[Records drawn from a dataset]
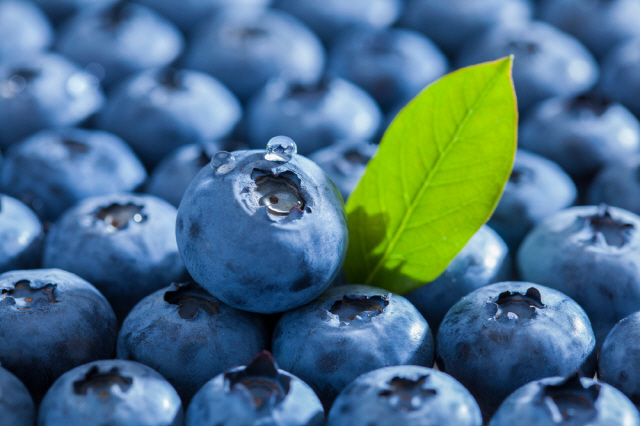 간에 좋은 음식-베리류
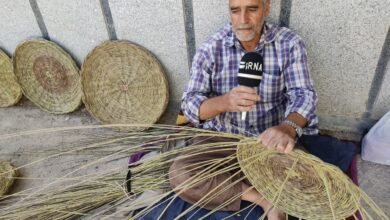 فیلم| هنرمند سبدباقی مهریز یزد از دغدعه های این حرفه سنتی می گوید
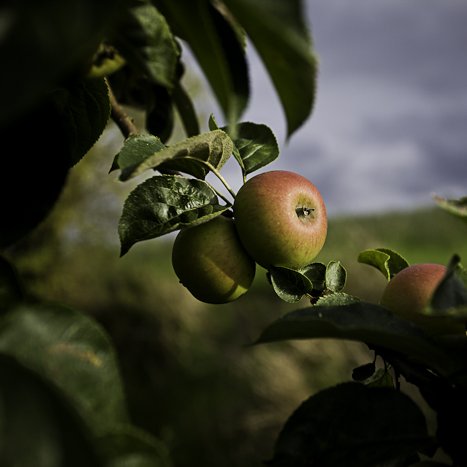 <strong>la beauté du fruit</strong> <small>© Michel FLEURY</small>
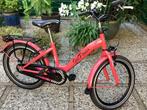 Meisjesfiets Alpina 20 inch – Degelijk en vrolijk, Fietsen en Brommers, Fietsen | Kinderfietsjes, Ophalen of Verzenden, Gebruikt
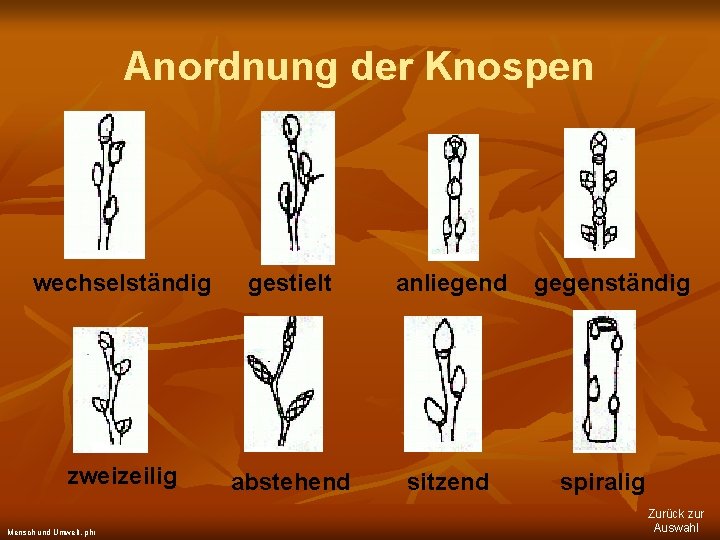 Anordnung der Knospen wechselständig gestielt anliegend zweizeilig abstehend sitzend Mensch und Umwelt, phr gegenständig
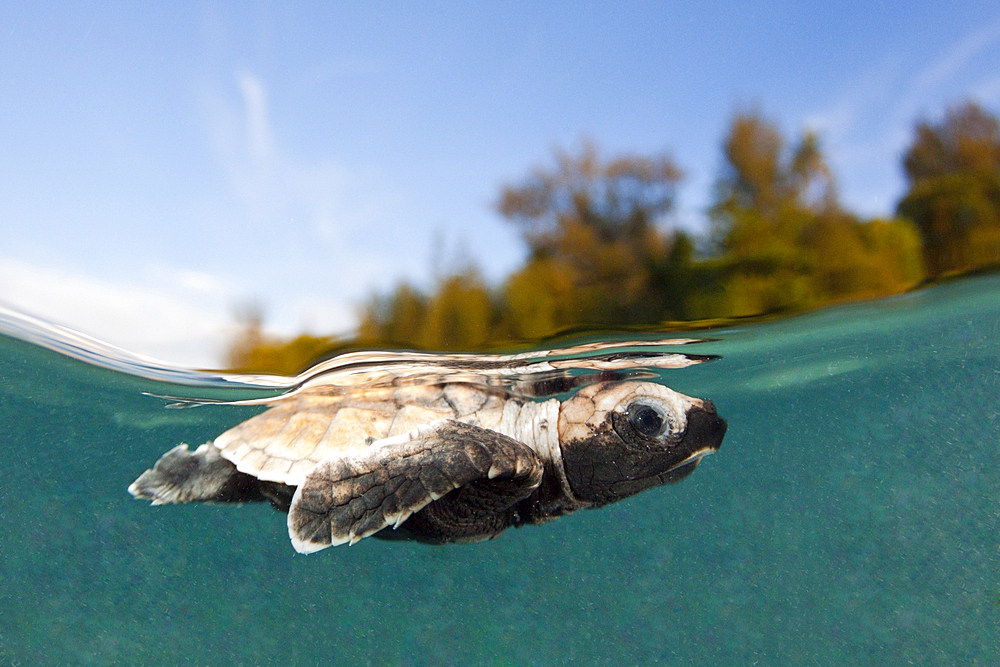 Hawksbill Turtle hatchling paddles away from shore, Eretmochelys imbricata, New Ireland, Papua New Guinea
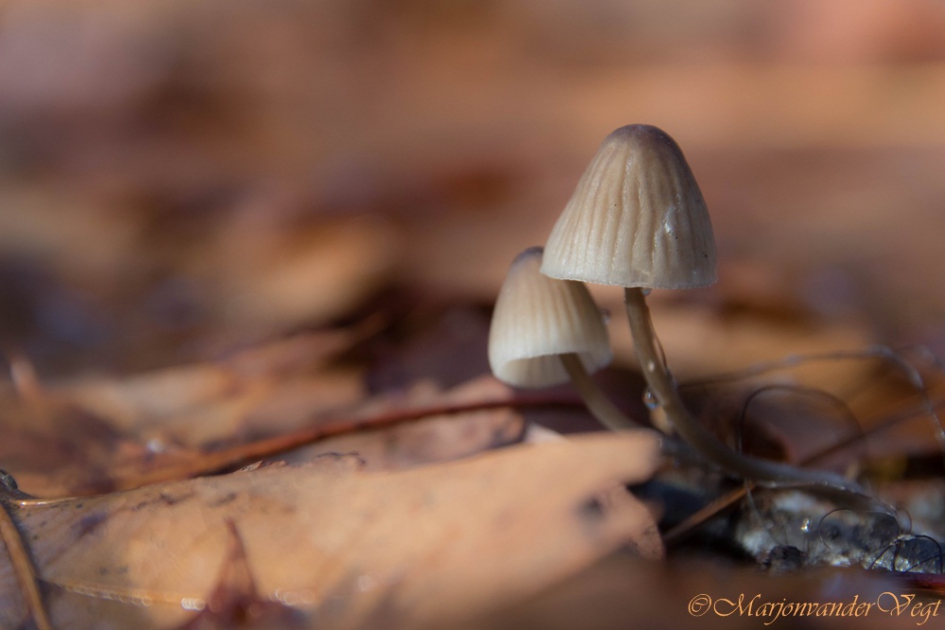 Kom maar bij mij - Schimmels - mycena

__WHAT THIS TASK INVOLVES__
Retype exactly the lines from the one containing "Hawksbill Turtle hatchling" through the last line of the records above, both included, and leave out any pictures.

__OUTPUT OF THE EXERCISE__
 Hawksbill Turtle hatchling paddles away from shore, Eretmochelys imbricata, New Ireland, Papua New Guinea
 Kom maar bij mij - Schimmels - mycena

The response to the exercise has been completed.